From a748448c3e02e771d36d01c1d4ac07a107bf0a1e Mon Sep 17 00:00:00 2001
From: Stefan Reimer <stefan@zero-downtime.net>
Date: Wed, 26 Apr 2023 10:26:30 +0000
Subject: [PATCH] Fix storage tests, add taint handling to CA, first docs draft

---
 Makefile                            |  3 +-
 charts/kubezero-addons/values.yaml  |  2 +
 charts/kubezero-network/values.yaml |  2 +-
 charts/kubezero-storage/Chart.yaml  |  2 +-
 charts/kubezero/values.yaml         |  2 +-
 docs/v1.25.md                       | 59 +++++++++++++++++++++++++++++
 6 files changed, 66 insertions(+), 4 deletions(-)

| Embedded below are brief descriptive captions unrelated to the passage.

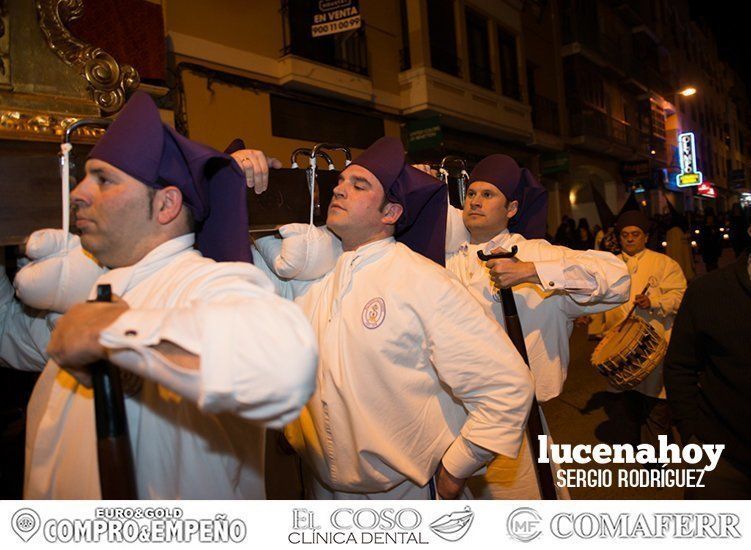 Galería: Elegancia pura en el desfile procesional del crucificado de La Sangre y María Santísima del Mayor Dolor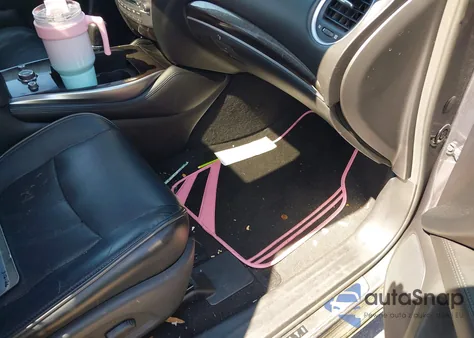 2013 Infiniti Jx35 z USA, uszkodzony, nr VIN 5N1AL0MM0DC311212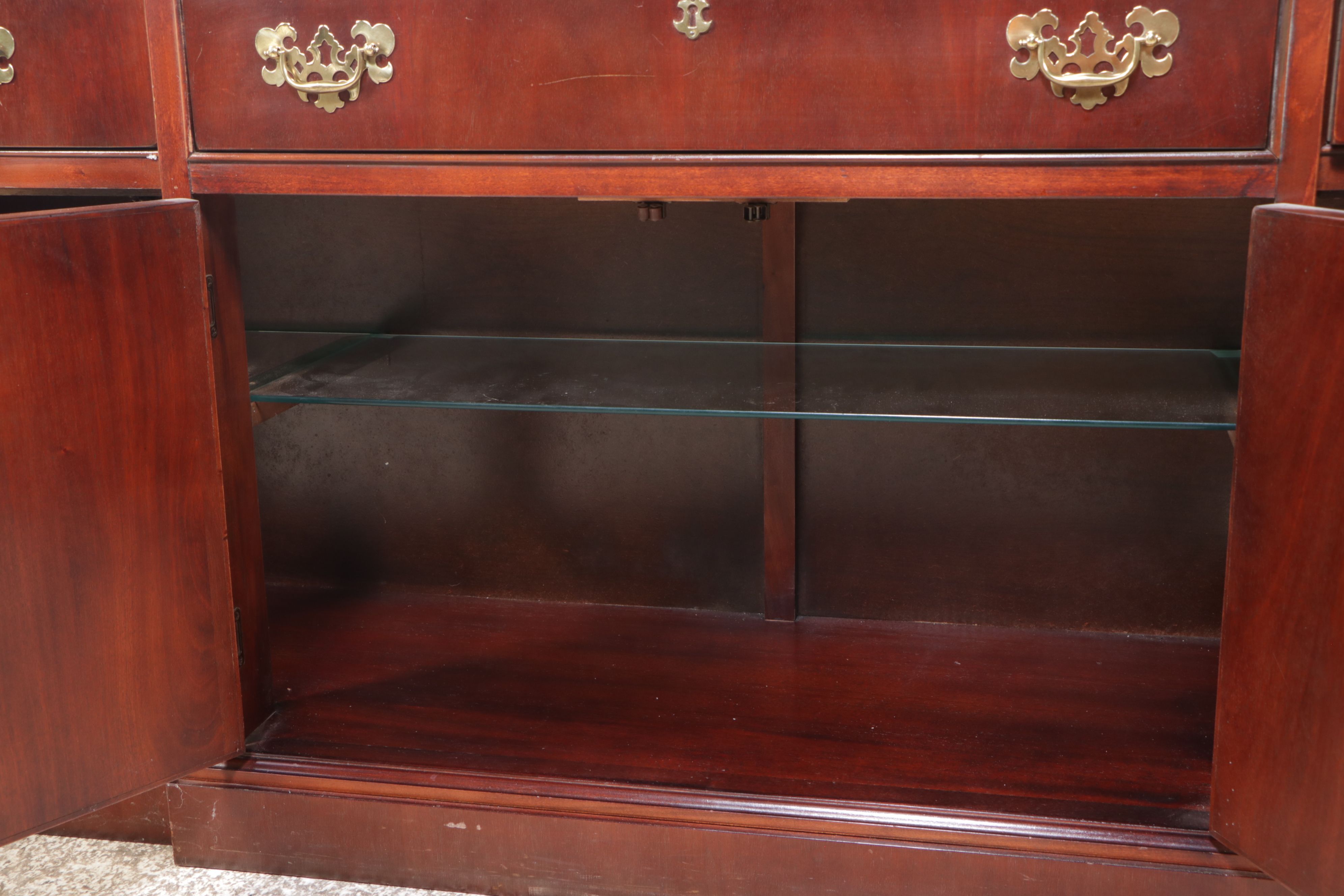 Bernhardt Chippendale Style Mahogany China Cabinet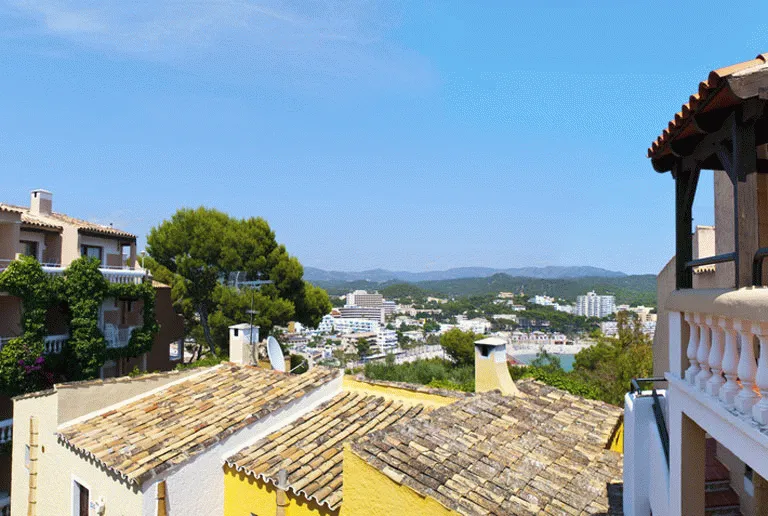 Utsikt över hustaken i Paguera 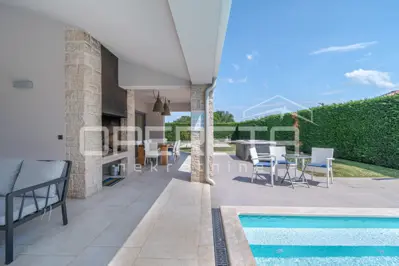 Haus 340 m², Sveti Lovreč - Pool, Jacuzzi und Privatsphäre - 3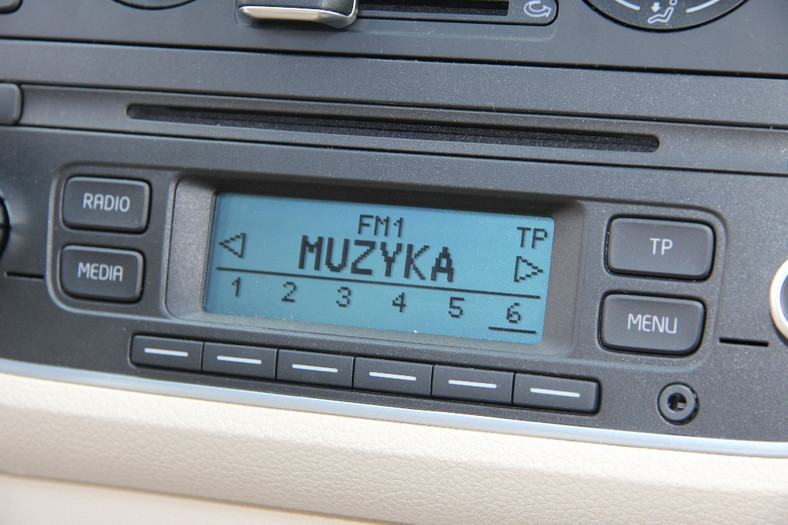 Niewielki wyświetlacz radia Funky CD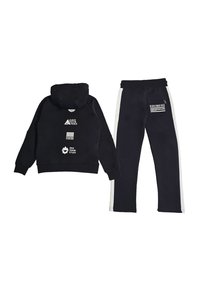 Felpa nera con cappuccio e tasca frontale, grafiche bianche sul davanti e pantaloni neri abbinati con righe laterali e etichetta sulla tasca posteriore.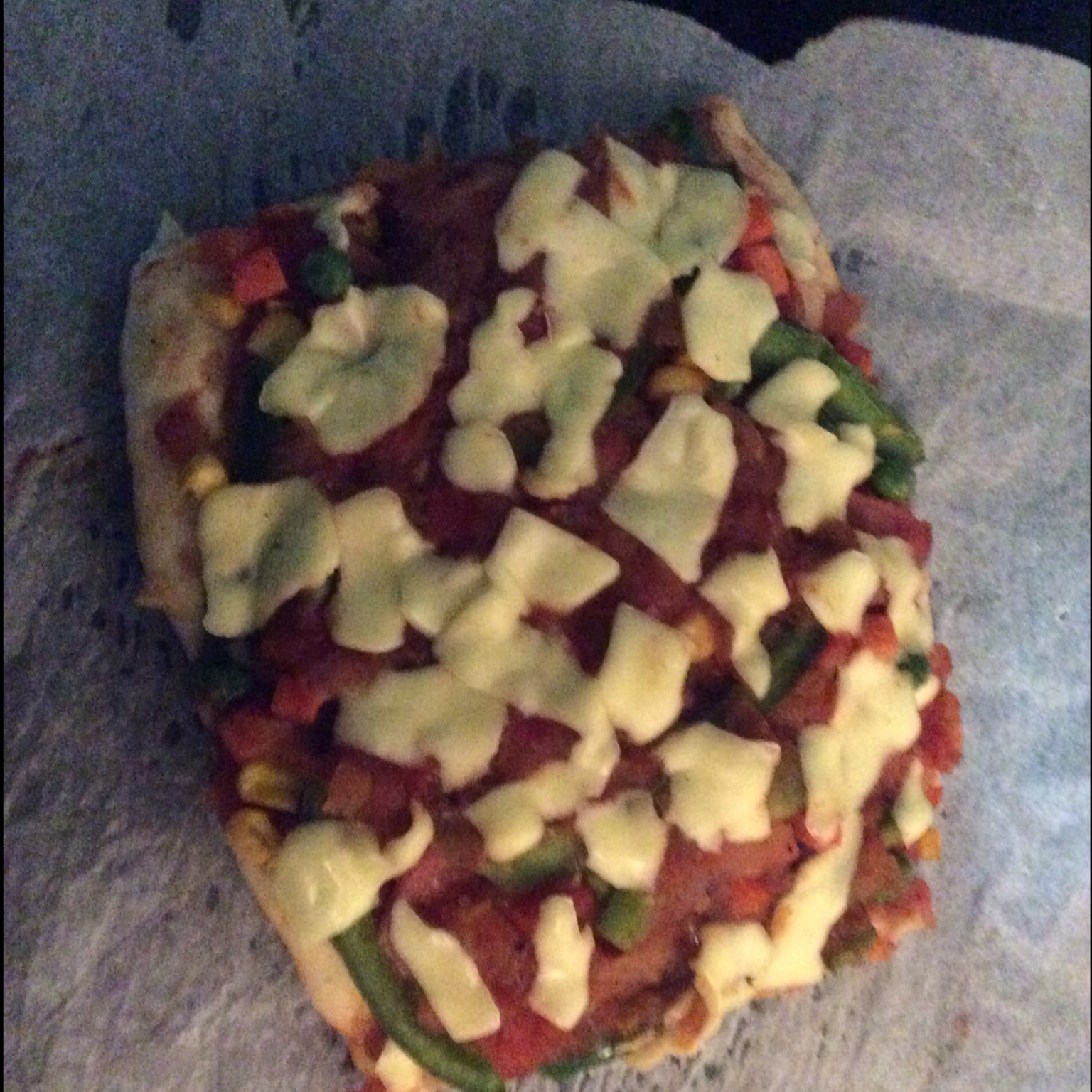 薄饼脆皮火腿pizza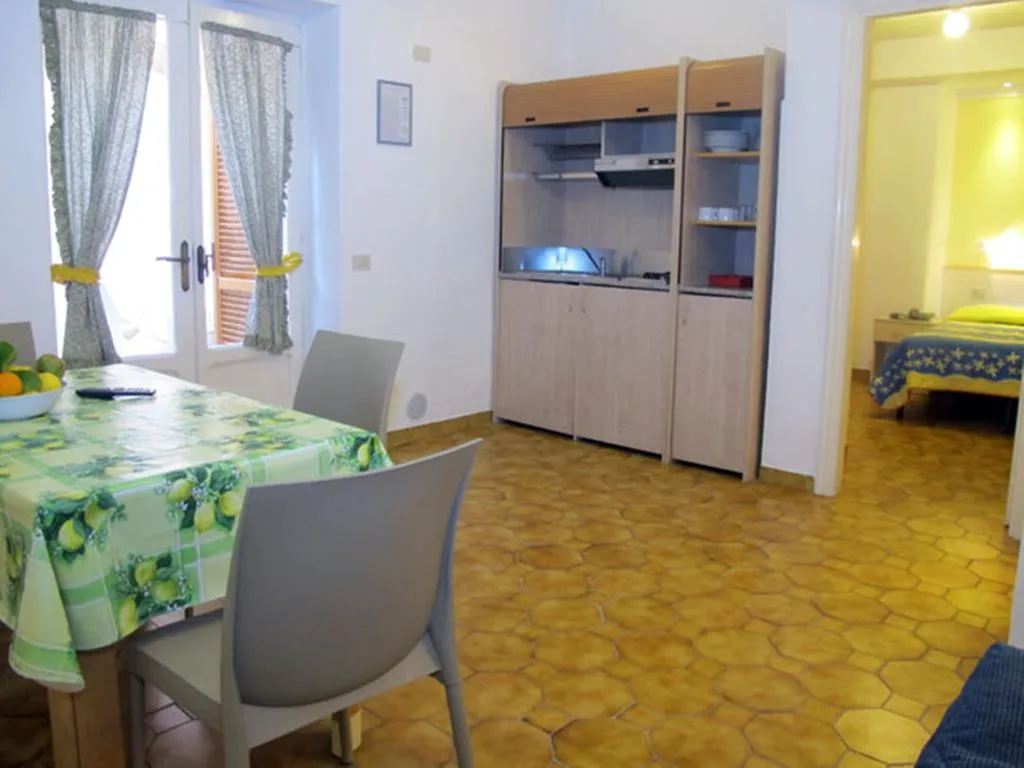 APARTMENT STANDARD Room, Residence Villa Marinù, Naples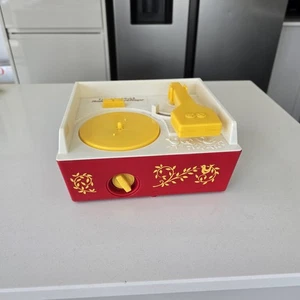  Fisher Price Record Player with 5 Records Works retro  - Picture 1 of 19
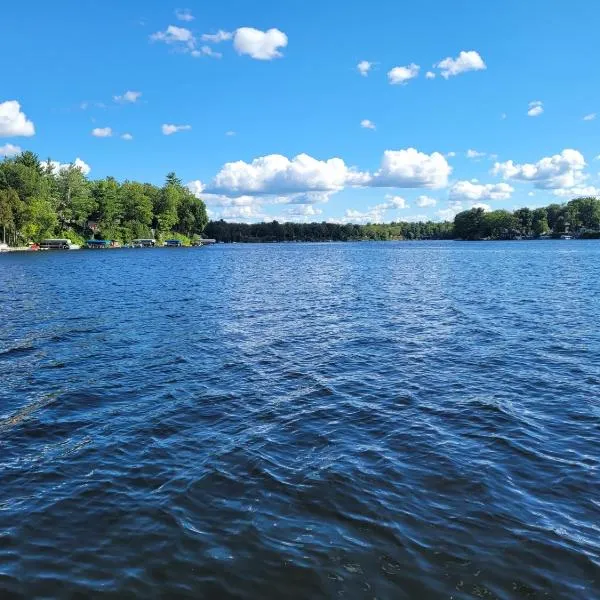 Castaways Cottage on Croton Pond #2, hotel v destinaci Newaygo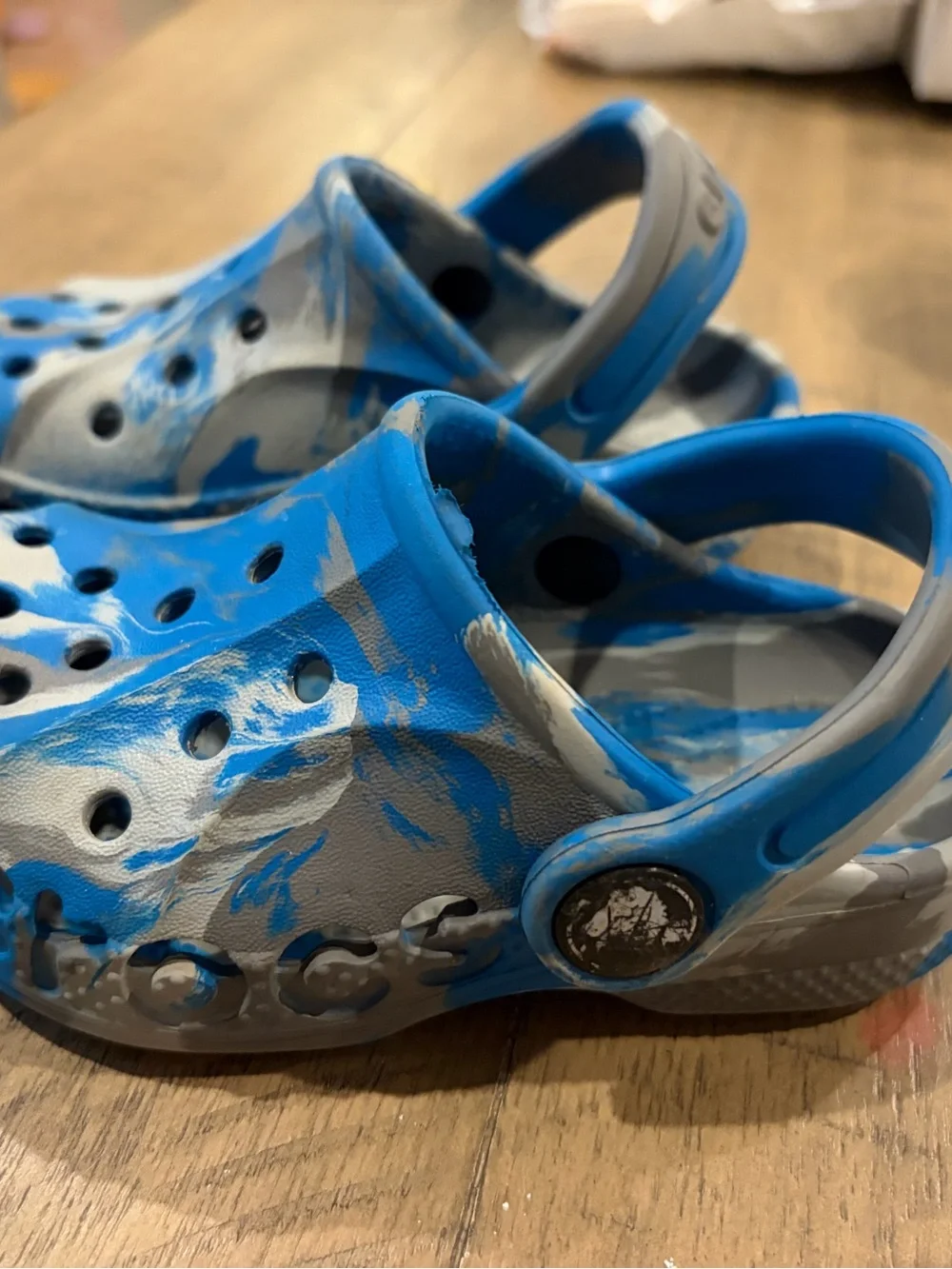 CROCS Toddler Size 6 - Blue & White Marbled Classic Clog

 create mode 100644 docs/v1.25.md
diff --git a/Makefile b/Makefile
index dabe8ede..eb8ab7ef 100644
--- a/Makefile
+++ b/Makefile
@@ -3,7 +3,8 @@ IMAGE := kubezero-admin
 REGION := us-east-1
 
 # Also tag as Kubernetes major version
-EXTRA_TAGS = $(shell echo $(TAG) | awk -F '.' '{ print $$1 "." $$2 }')
+MY_TAG = $(shell git describe --tags --match v*.*.* 2>/dev/null || git rev-parse --short HEAD 2>/dev/null)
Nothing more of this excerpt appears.